TASK TO COMPLETE:
Your task is to print all of the entries exactly, though the pictures should not be included.

[Crawled caption data]
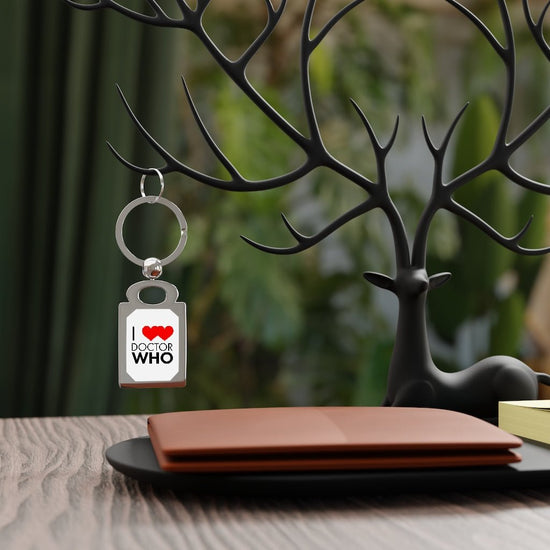 I ❤️ ❤️ Doctor Who Rectangle Keyring - Fandom-Made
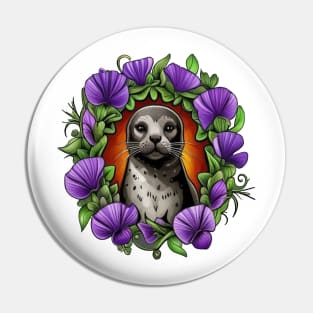 A Harbor Seal Surrounded By A Wreath Of Violet Viola Tattoo Art Pin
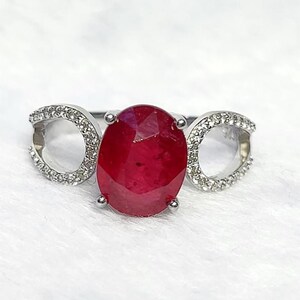 925 Sterling Silver Natural Ruby Gemstone Ring Oval Top Blood Red Size 7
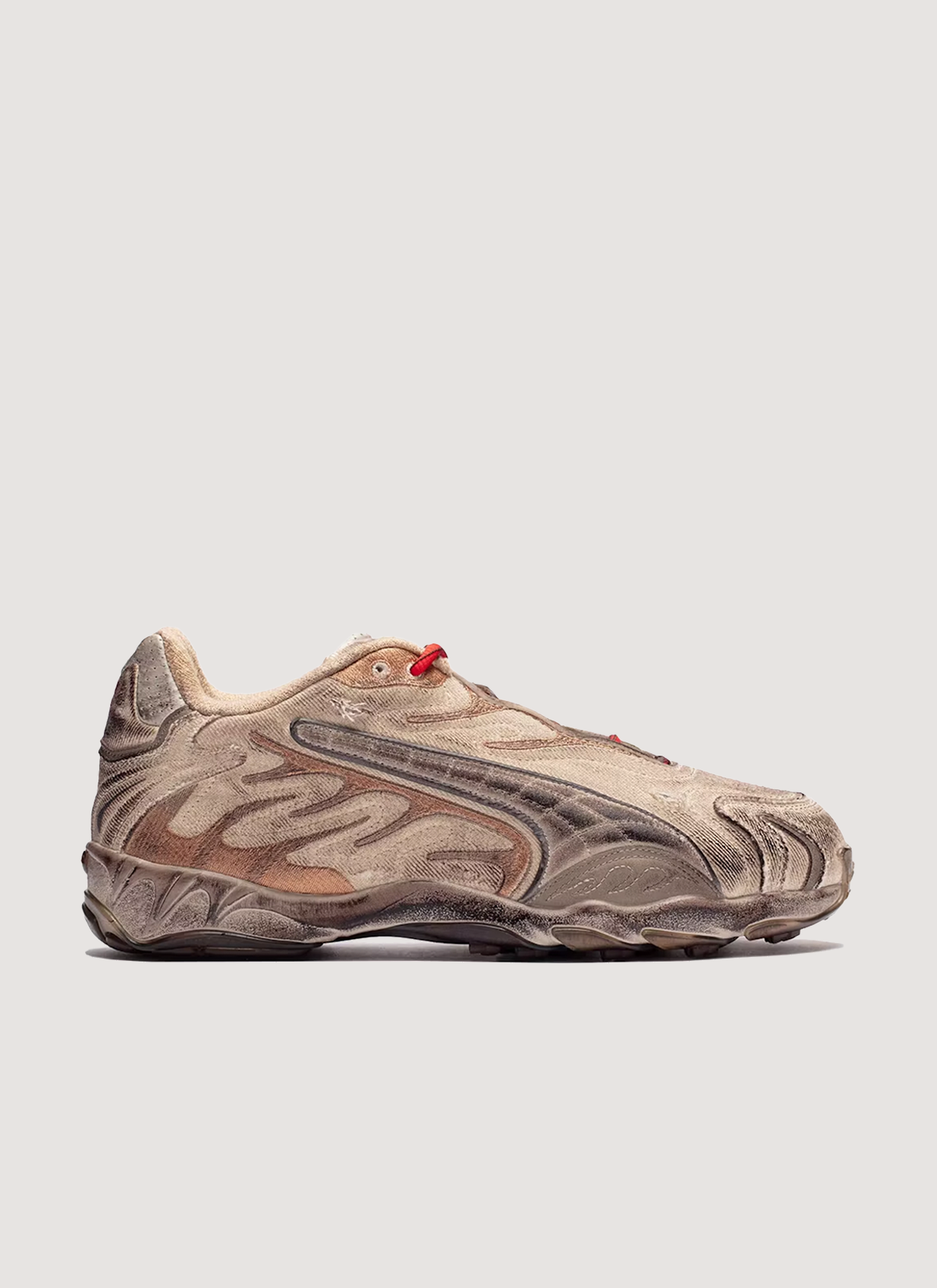 Puma A$AP Rocky Inhale Distressed Alpine Snow shoe tan side view Puma A$AP Rocky Inhale Distressed Alpine Snow - Image 1 | Authenticated at Pieces Los Angeles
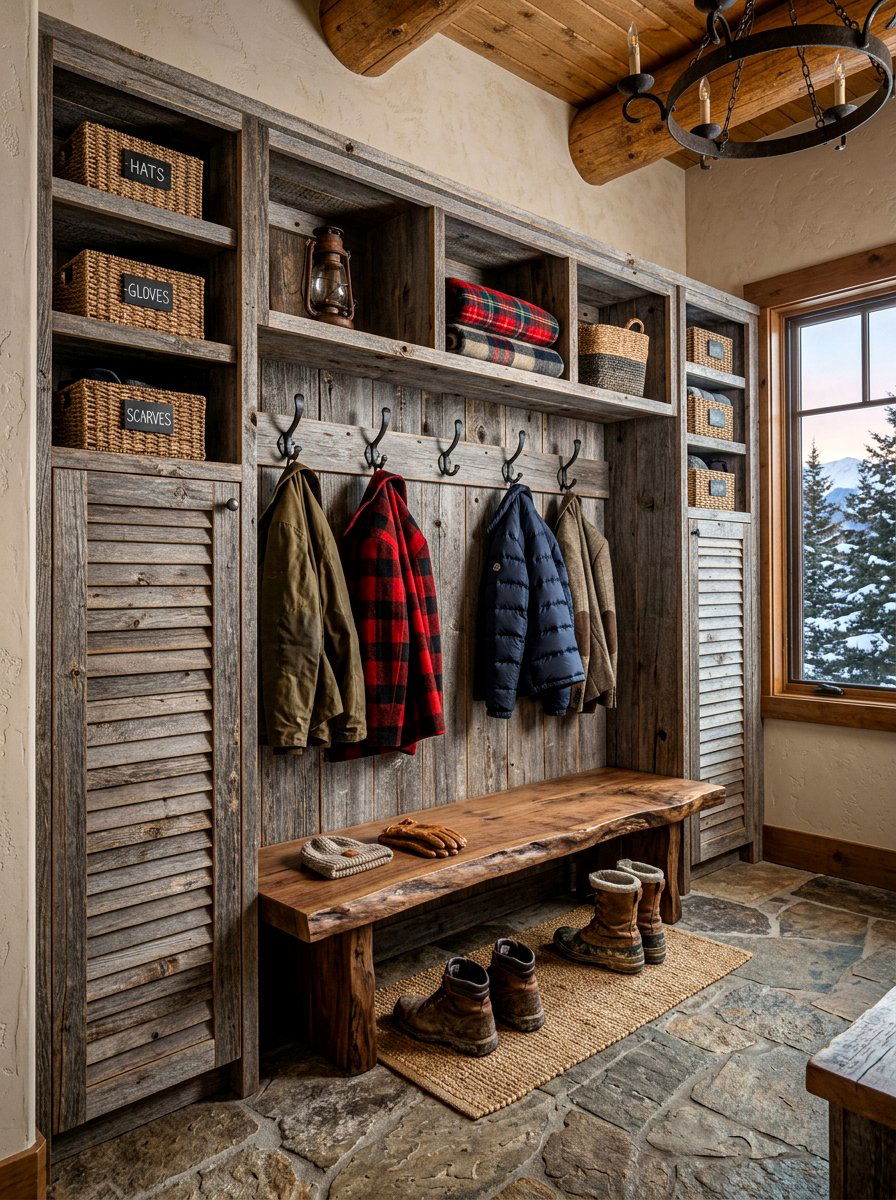 Reclaimed Wood Mudroom Locker Wall - 30 mudroom locker wall ideas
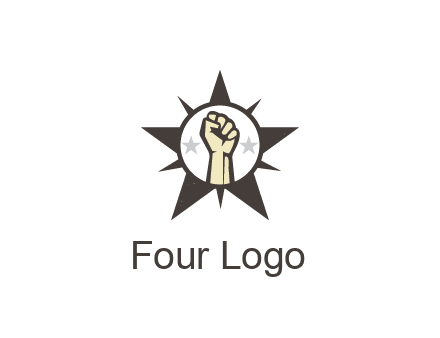 fist with stars in circle in star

EXERCISE RESPONSE:
 I ❤️ ❤️ Doctor Who Rectangle Keyring - Fandom-Made
 A Harbor Seal Surrounded By A Wreath Of Violet Viola Tattoo Art Pin
 925 Sterling Silver Natural Ruby Gemstone Ring Oval Top Blood Red Size 7
 Puma A$AP Rocky Inhale Distressed Alpine Snow shoe tan side view Puma A$AP Rocky Inhale Distressed Alpine Snow - Image 1 | Authenticated at Pieces Los Angeles
 Reclaimed Wood Mudroom Locker Wall - 30 mudroom locker wall ideas
 fist with stars in circle in star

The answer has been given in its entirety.